«Судьба русского искусства вообще и в частности живописи престранная».
Александр Бенуа
Кажется, что все шедевры признавались таковыми с самого начала и уже непонятно, как это публика решалась бранить всё то, чем мы автоматически восхищаемся. Ключевое слово – автоматически, ибо я говорю вовсе не о французских импрессионистах, которые по большей части «голые короли», не о русском suprema c чёрными квадратами и оголтелой жаждой новизны и не о той "Обнажённой" Роберта Фалька, что вывела из себя Никиту Хрущёва, заставив его прокричать ошибочные утверждения о половой ориентации художника.
Речь пойдёт о вещах, обладающих узнаваемостью на уровне клише и конфетных обёрток. Любимейший пример – Эйфелева башня, выстроенная в качестве символа Парижской Expo 1889 года, и знаменовавшая триумф инженерной мысли. Башню возненавидели все – от глуповатых мещан до поэтов и музыкантов, а прозаик Эмиль Золя частенько ужинал в заведении, расположенном внутри башни, дабы не видеть металлическое чудище. Оно оккупировало Париж, крича о себе с любой точки. Однако La tour Eiffel довольно быстро вписалась в городскую жизнь, а затем и понравилась. Теперь не вспоминают, что когда-то интеллектуалы, среди которых были Ги де Мопассан, Шарль Гуно и Александр Дюма-сын требовали убрать железку, похожую на фабричную трубу несусветных размеров.
Государственная Третьяковская Галерея выступила с креативным проектом – "Отвергнутые шедевры", где нам предстоит удивляться на каждом шагу. Это не обычный формат, но так называемая выставка-маршрут, где все произведения остаются на своих местах, а зритель должен сыскать «отвергнутый шедевр» - он помечен специальной табличкой. Надо ли сетовать, что устроители поленились, не захотев собрать все картины в отдельном пространстве?

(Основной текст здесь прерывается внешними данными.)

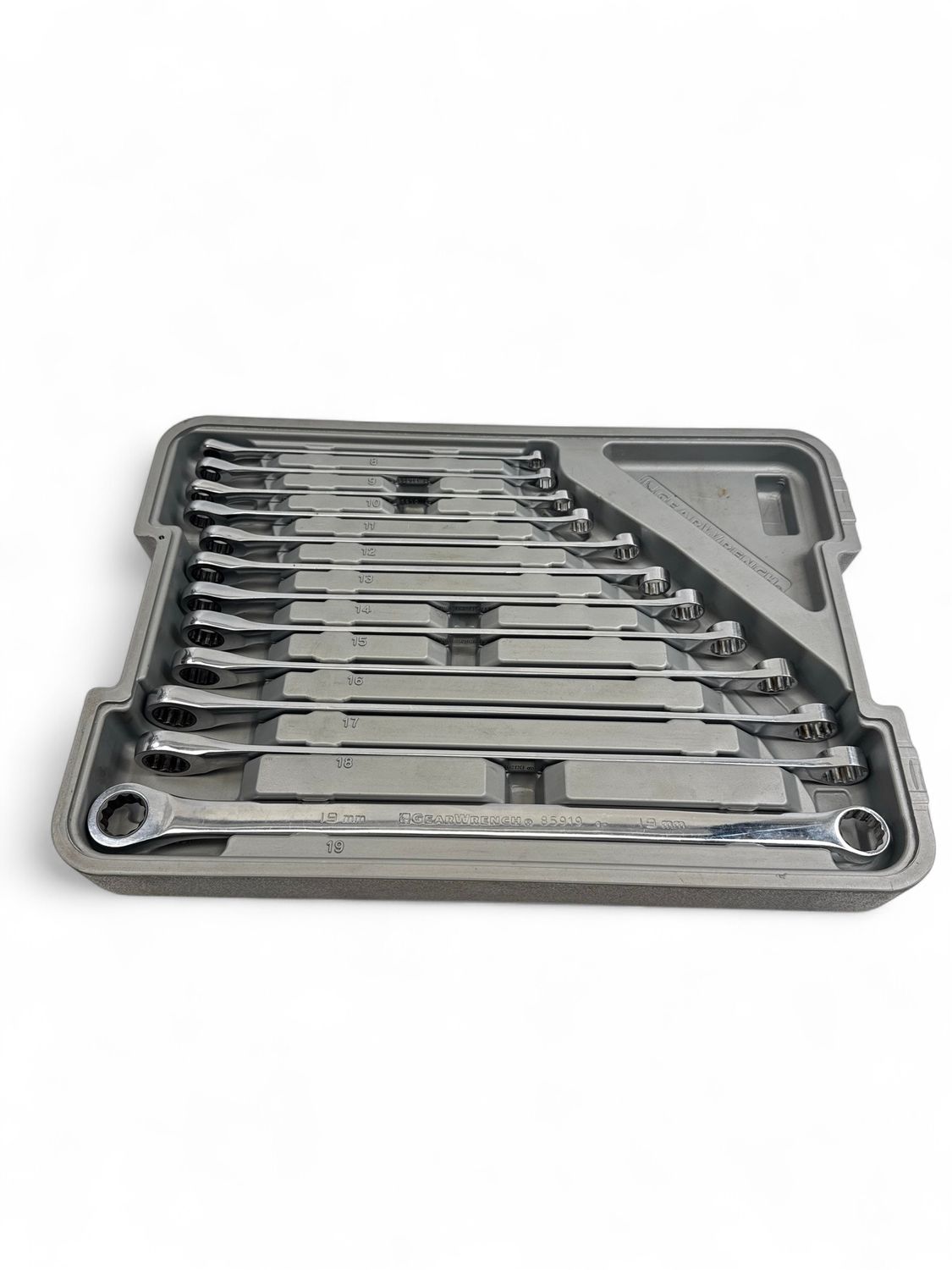 GearWrench 12pc XL Gearbox Ratcheting Metric Wrench Set, 85988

Была у меня такая идея. Но это не так уж плохо – мы получили возможность ещё раз пройтись по залам Третьяковки, а поиски «отверженных» напомнили забавный квест. Рядом с другими картинами возникают дополнительные вопросы и растёт недоумение, граничащее с культурологическим шоком. Нужно знать психологию людей позапрошлого столетия - как простых, так и чересчур образованных; считывать знаки, ловить намёки.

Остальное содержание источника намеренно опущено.